Short descriptive text snippets:
----------------------------------------

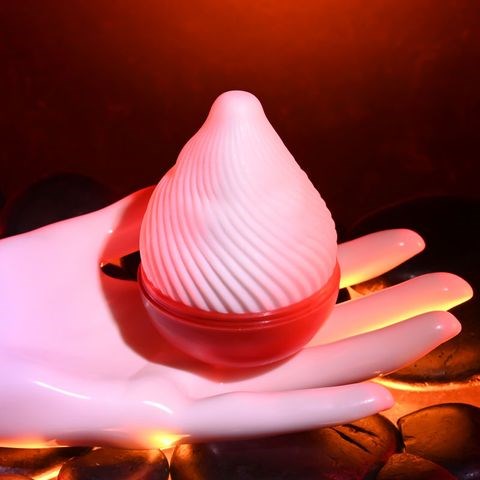 Evolved Zero Tolerance KILAUEA Mini Mens Stroker Egg White Volcano Shape - - Masturbators and Strokers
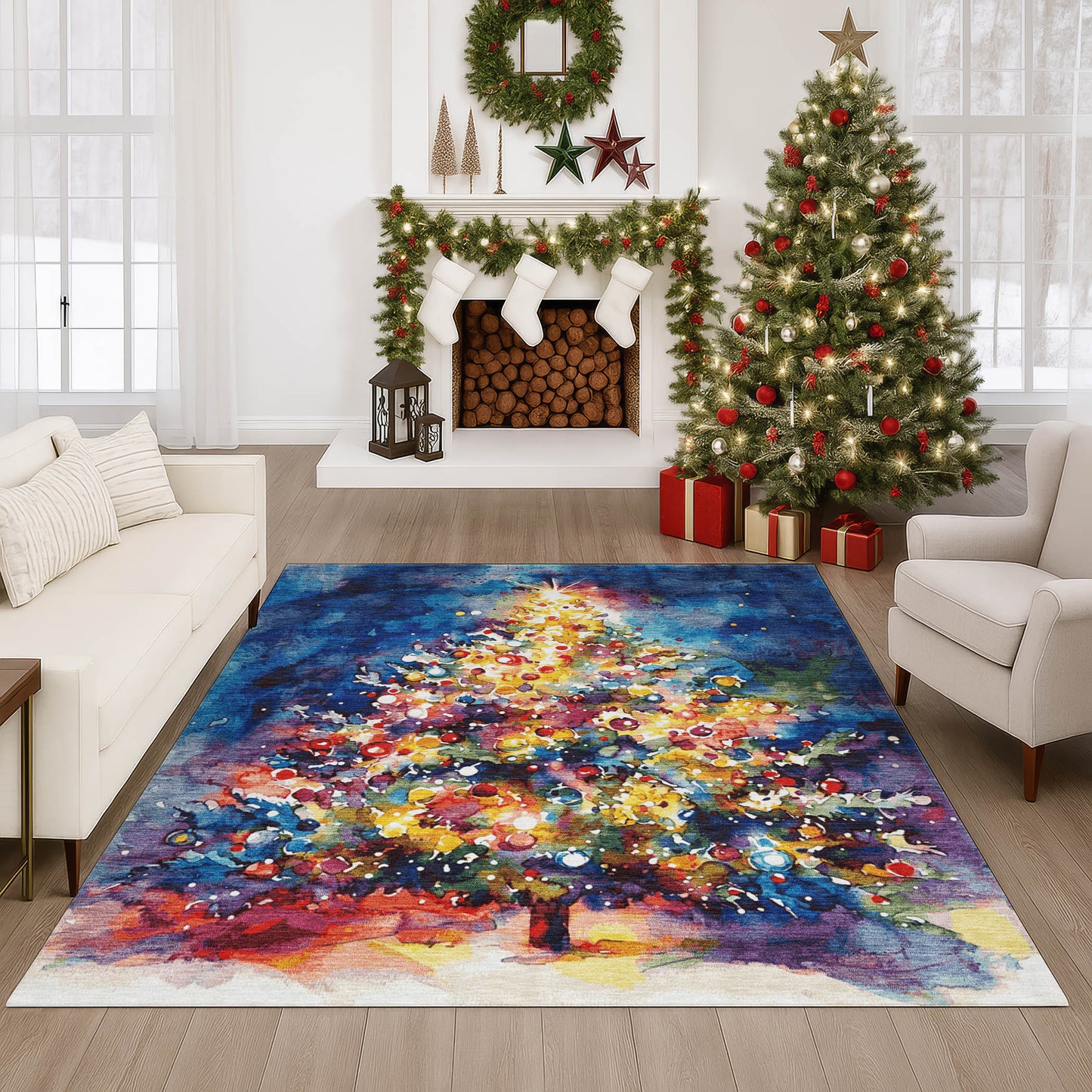 Dalyn Rugs Merry & Bright Navy Holiday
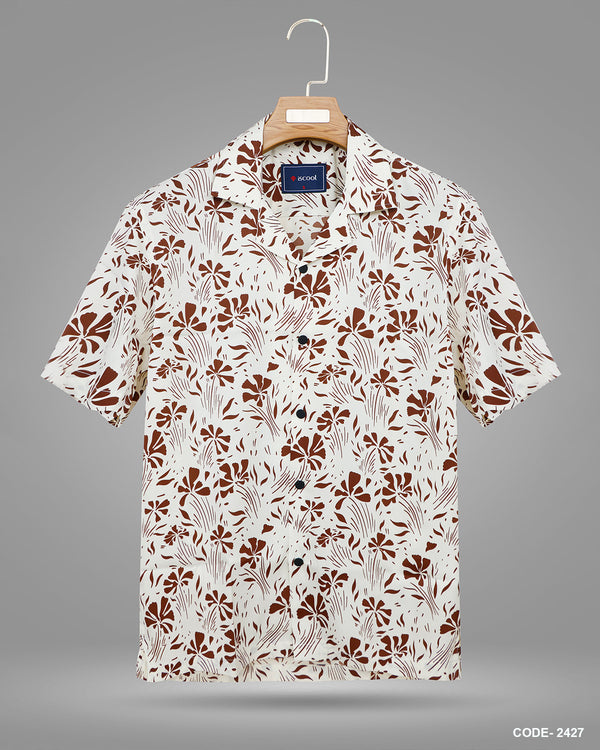 Cuban Collar Half Shirt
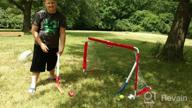 img 1 attached to 3-In-1 Sports Net With Soccer, Pitchback, Hockey: Includes Balls, Puck, And Sticks For Ultimate Versatility review by Brian Forbis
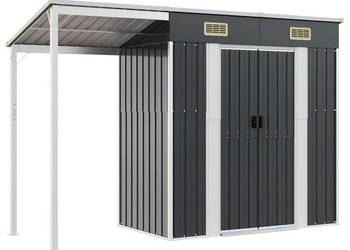 vidaXL Szopa z wiatą, antracyt, 277x107x181 cm(SKU:364526)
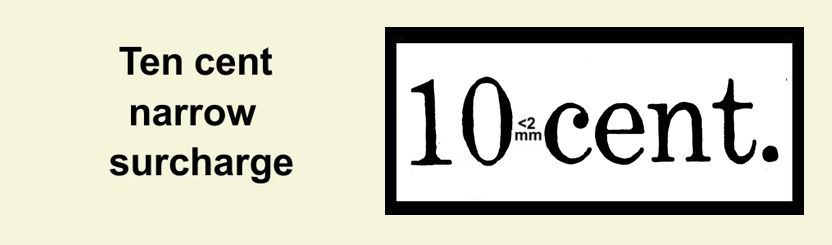10c narrow surcharge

----------------------------------------

Assigned task: Return each line of the data, keeping its wording exact and omitting pictures.

Output of the task:
 Evolved Zero Tolerance KILAUEA Mini Mens Stroker Egg White Volcano Shape - - Masturbators and Strokers
 Dalyn Rugs Merry & Bright Navy Holiday
 Cuban Collar Half Shirt
 img 1 attached to 3-In-1 Sports Net With Soccer, Pitchback, Hockey: Includes Balls, Puck, And Sticks For Ultimate Versatility review by Brian Forbis
 vidaXL Szopa z wiatą, antracyt, 277x107x181 cm(SKU:364526)
10c narrow surcharge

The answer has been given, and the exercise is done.